--- Records to process Enclosed Below ---

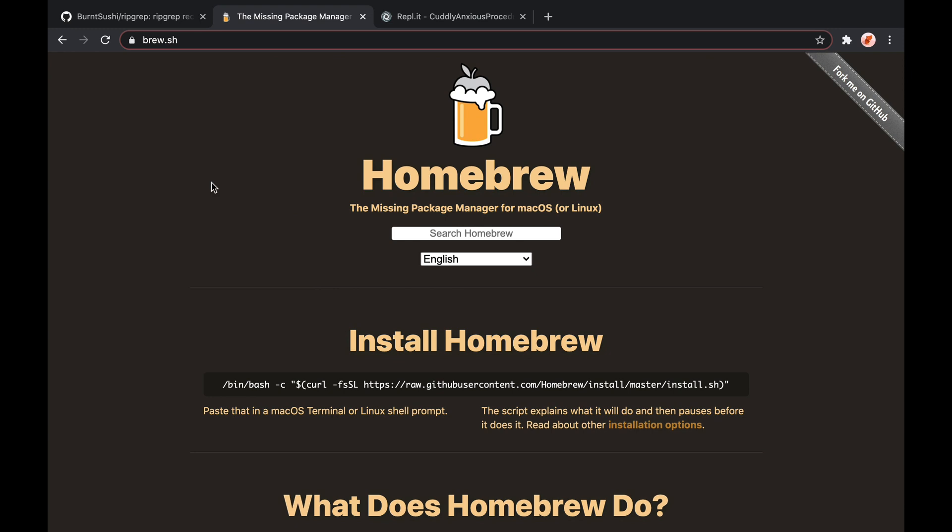So I use brew to install NVM, Node, Ripgrep, any of this tooling. Usually for most things on GitHub, if it's node-based, you'll use npm to install it. And if it's not node-based, you'll use brew. That's kind of a common convention.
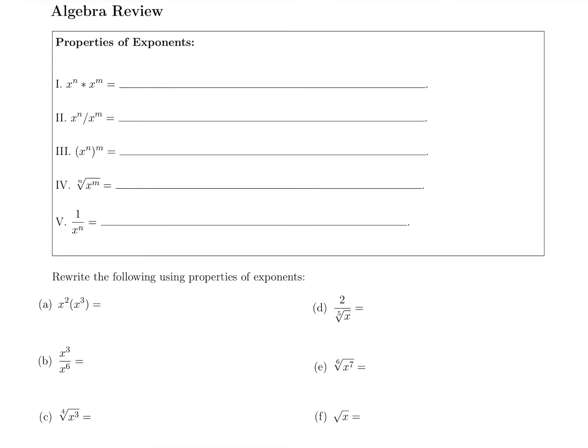In this video, let's review from algebra some properties of exponents. The first property: if you're multiplying bases — x to the n times x to the m, the same base — what do you do with those exponents? If you're multiplying bases, you add the exponents. So you get x to the n plus m. Keep the same base, add the powers.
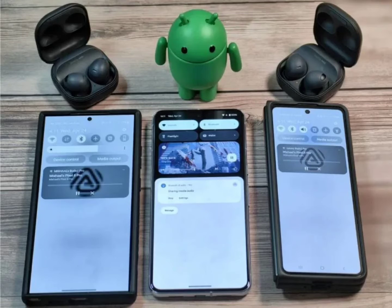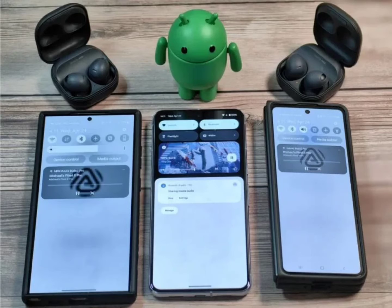Android 15 adds audio sharing to multiple devices via Bluetooth AuraCast. For those who travel with friends or family, sharing audio can be a challenge. Whether it's a movie or a shared playlist, current Bluetooth limitations restrict streaming to one device at a time.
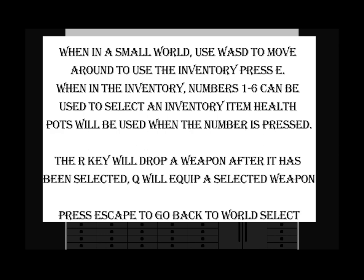The R key will drop a weapon after it has been selected. Q will equip a selected weapon. Press escape to go back to world select.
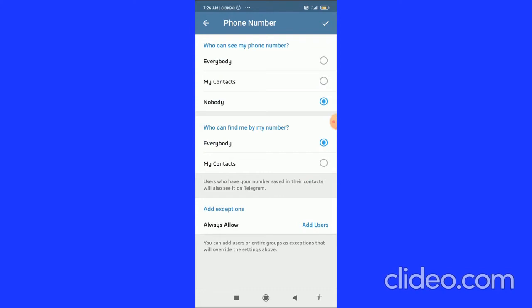Who Can Find Me By Number - you can choose Everybody or you can choose My Contacts. My Contacts is the very well balanced option, so you can do this.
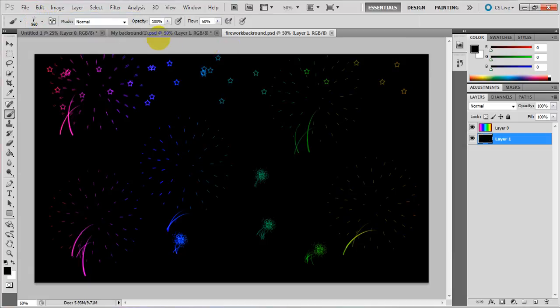I will be showing you how to make a Photoshop background in CS5.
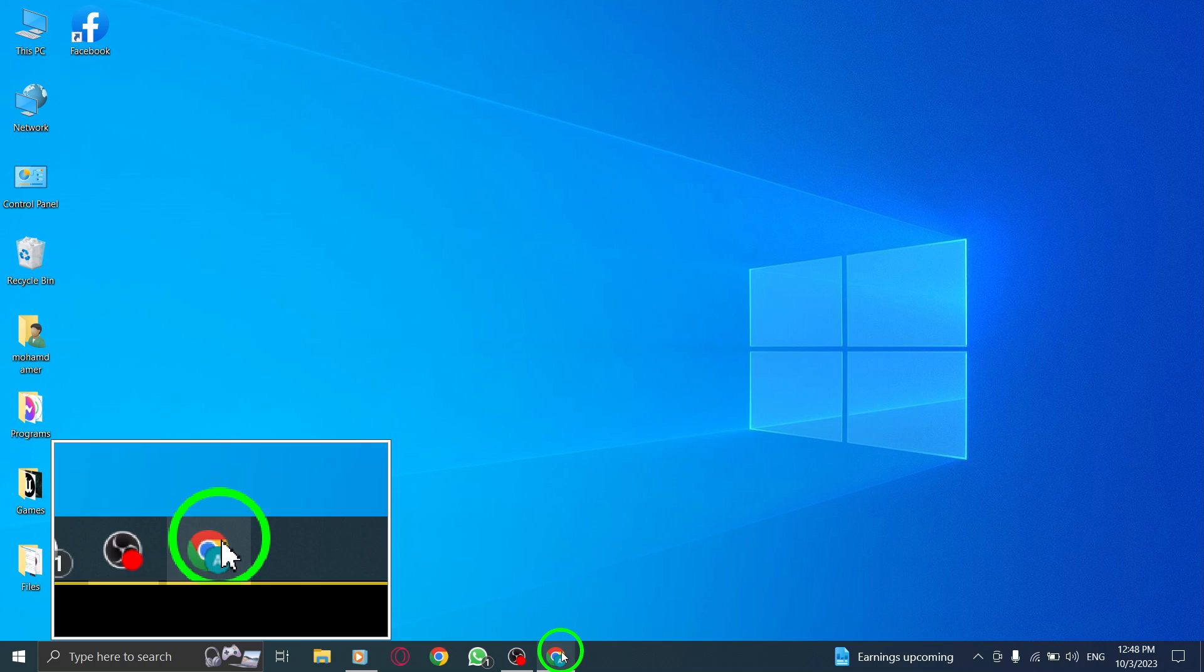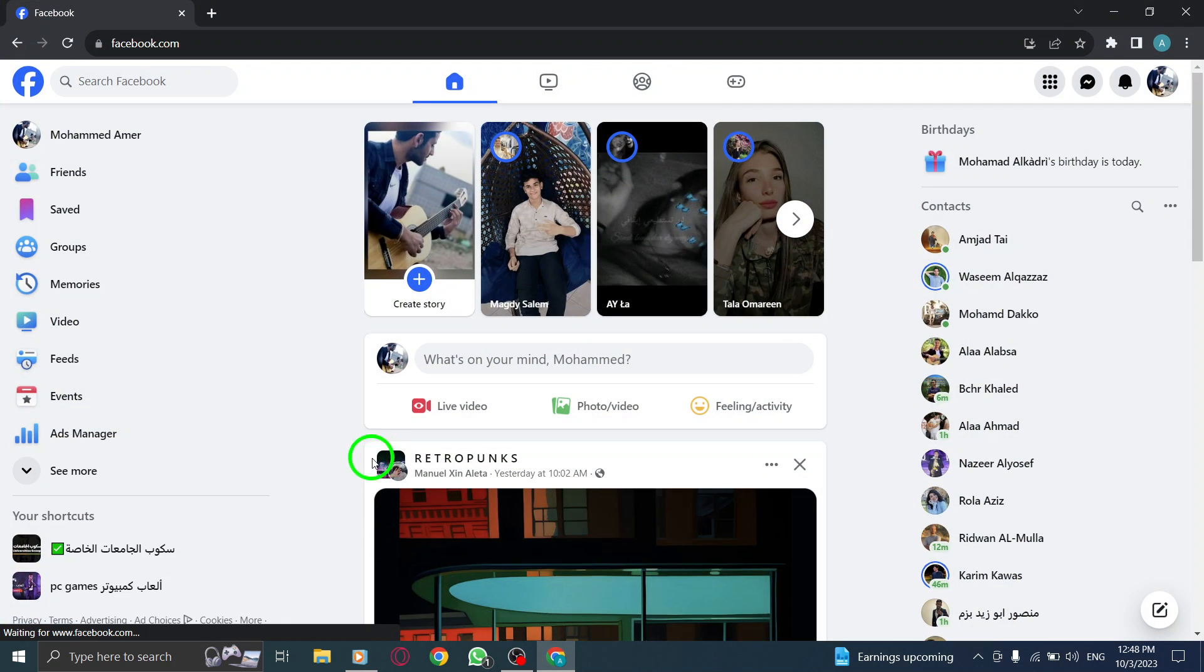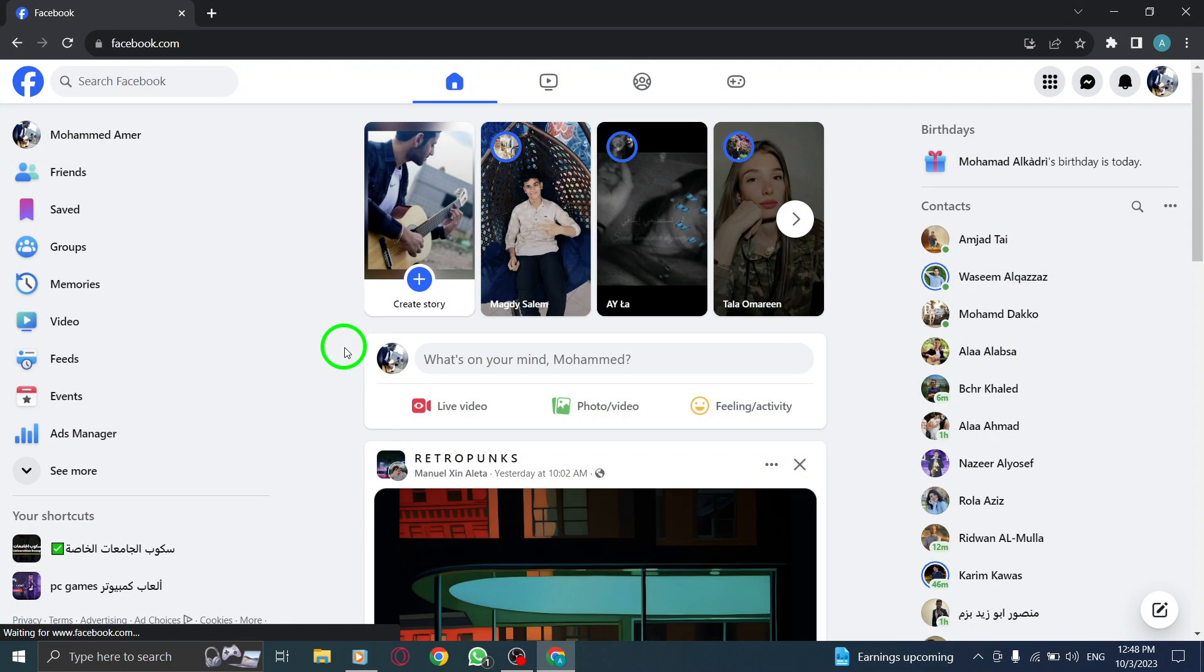Step 1. Open Facebook by launching your preferred web browser and visiting the Facebook website.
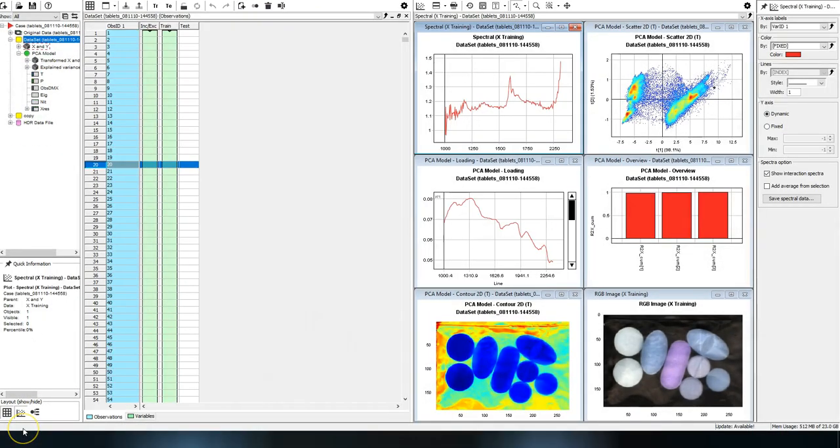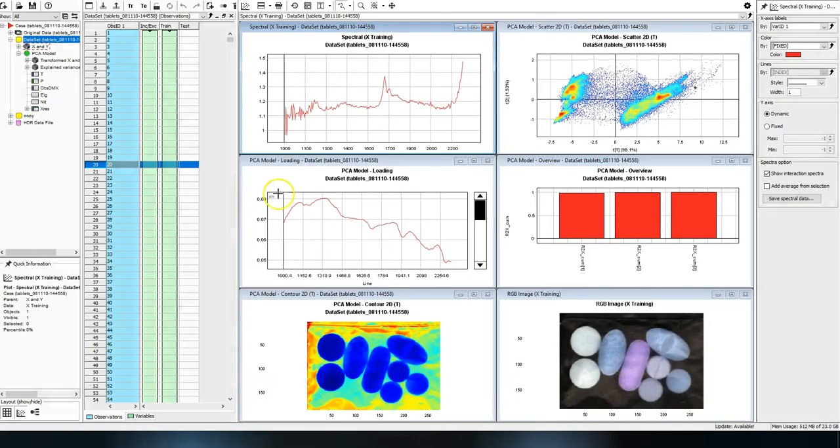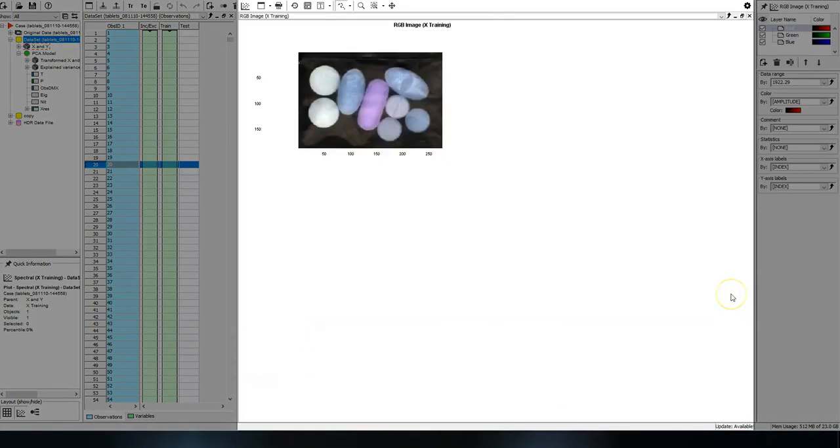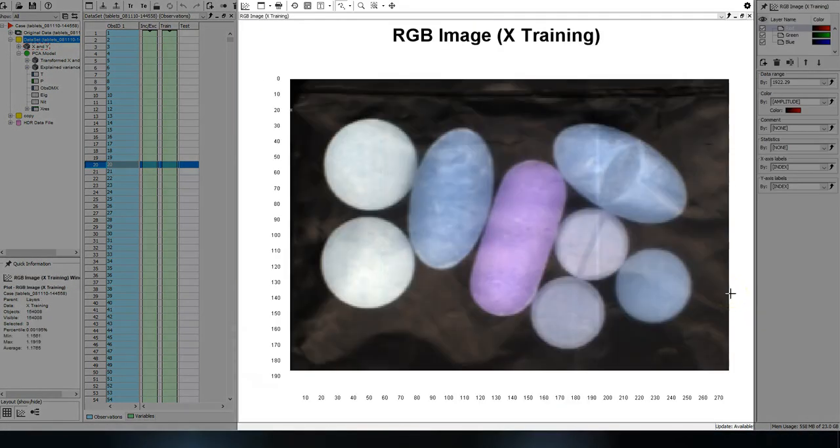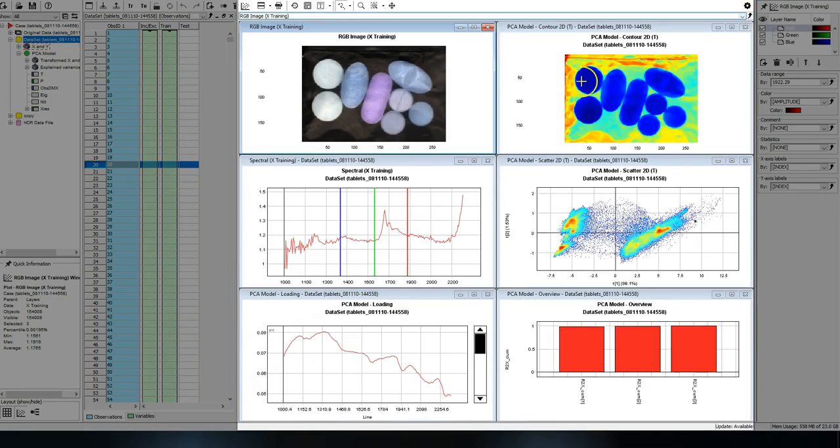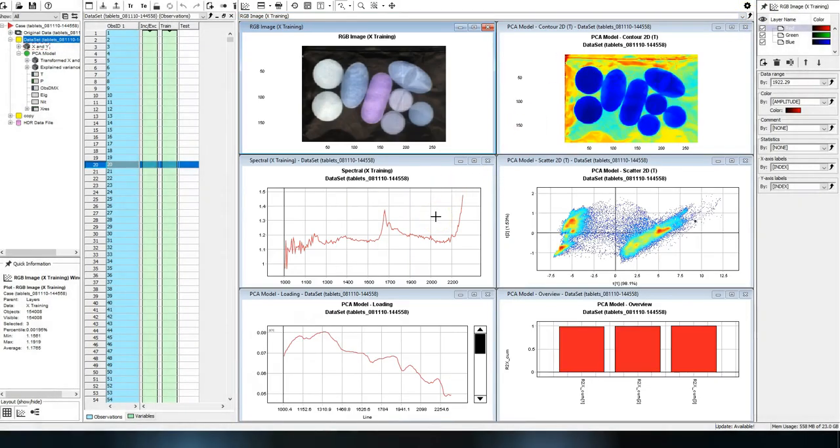The plot area is where you can show information in the form of images and plots. In this case I have a pseudo RGB image representation of the image file I imported, along with the spectral plot and the default plots generated for a PCA model.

--- End of Enclosed Records to process ---

Work request
Print each entry exactly, leaving pictures out.

Solution to this problem
So I use brew to install NVM, Node, Ripgrep, any of this tooling. Usually for most things on GitHub, if it's node-based, you'll use npm to install it. And if it's not node-based, you'll use brew. That's kind of a common convention.
In this video, let's review from algebra some properties of exponents. The first property: if you're multiplying bases — x to the n times x to the m, the same base — what do you do with those exponents? If you're multiplying bases, you add the exponents. So you get x to the n plus m. Keep the same base, add the powers.
Android 15 adds audio sharing to multiple devices via Bluetooth AuraCast. For those who travel with friends or family, sharing audio can be a challenge. Whether it's a movie or a shared playlist, current Bluetooth limitations restrict streaming to one device at a time.
The R key will drop a weapon after it has been selected. Q will equip a selected weapon. Press escape to go back to world select.
Who Can Find Me By Number - you can choose Everybody or you can choose My Contacts. My Contacts is the very well balanced option, so you can do this.
I will be showing you how to make a Photoshop background in CS5.
Step 1. Open Facebook by launching your preferred web browser and visiting the Facebook website.
The plot area is where you can show information in the form of images and plots. In this case I have a pseudo RGB image representation of the image file I imported, along with the spectral plot and the default plots generated for a PCA model.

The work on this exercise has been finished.